Runs on the bundled synthetic sample.
import pandas as pd
import matplotlib.pyplot as plt
from palmwtc.config import DataPaths
from palmwtc.viz import set_style
set_style()
paths = DataPaths.resolve()
print(paths.describe())
DataPaths (source=sample (bundled synthetic), site=libz):
raw_dir = /home/runner/work/palmwtc/palmwtc/src/palmwtc/data/sample/synthetic
processed_dir = /home/runner/work/palmwtc/palmwtc/src/palmwtc/data/sample/Data/Integrated_QC_Data
exports_dir = /home/runner/work/palmwtc/palmwtc/src/palmwtc/data/sample/exports
config_dir = /home/runner/work/palmwtc/palmwtc/src/palmwtc/data/sample/config
extras = <none>
# Read QC flag summary from the synthetic parquet.

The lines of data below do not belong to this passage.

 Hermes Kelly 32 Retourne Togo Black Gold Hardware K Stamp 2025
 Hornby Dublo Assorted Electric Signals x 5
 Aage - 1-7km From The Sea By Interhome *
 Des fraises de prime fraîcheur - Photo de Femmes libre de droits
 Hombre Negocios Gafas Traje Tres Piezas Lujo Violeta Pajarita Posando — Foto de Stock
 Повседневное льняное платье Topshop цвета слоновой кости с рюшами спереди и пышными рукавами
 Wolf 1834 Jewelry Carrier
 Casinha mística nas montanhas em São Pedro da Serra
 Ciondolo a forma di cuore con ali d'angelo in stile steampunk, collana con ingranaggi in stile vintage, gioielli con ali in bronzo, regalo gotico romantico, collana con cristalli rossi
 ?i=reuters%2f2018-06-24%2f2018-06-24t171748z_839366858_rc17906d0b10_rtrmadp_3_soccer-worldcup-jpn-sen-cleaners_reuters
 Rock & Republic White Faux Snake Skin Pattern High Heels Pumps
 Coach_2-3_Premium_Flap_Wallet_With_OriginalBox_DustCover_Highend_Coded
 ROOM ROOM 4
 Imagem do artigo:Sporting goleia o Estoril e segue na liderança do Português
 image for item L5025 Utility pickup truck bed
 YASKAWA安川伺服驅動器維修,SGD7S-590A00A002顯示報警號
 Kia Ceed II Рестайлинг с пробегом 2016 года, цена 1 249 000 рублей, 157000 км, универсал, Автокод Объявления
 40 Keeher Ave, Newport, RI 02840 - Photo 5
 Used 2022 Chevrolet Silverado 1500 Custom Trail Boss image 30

qc_path = paths.raw_dir / "QC_Flagged_Data_synthetic.parquet"
df = pd.read_parquet(qc_path, columns=["TIMESTAMP", "CO2_C1_qc_flag", "CO2_C2_qc_flag", "H2O_C1_qc_flag", "H2O_C2_qc_flag"])
counts = df[["CO2_C1_qc_flag", "CO2_C2_qc_flag", "H2O_C1_qc_flag", "H2O_C2_qc_flag"]].sum()
print("QC flag totals (1 = fail):")
print(counts.to_string())
QC flag totals (1 = fail):
CO2_C1_qc_flag 94
CO2_C2_qc_flag 0
H2O_C1_qc_flag 1
H2O_C2_qc_flag 2
fig, ax = plt.subplots(figsize=(8, 3))
counts.plot(kind="barh", ax=ax, color="#a23b72")
ax.set_xlabel("Flagged rows")
ax.set_title("QC flag counts per variable (synthetic sample, 1 week)")
plt.tight_layout()
plt.show()
Real LIBZ data typically shows < 5% flagged rows per variable. Sudden
spikes in any column point at a specific instrument event — chase via
docs/measurement_log/<sensor>.md to attribute.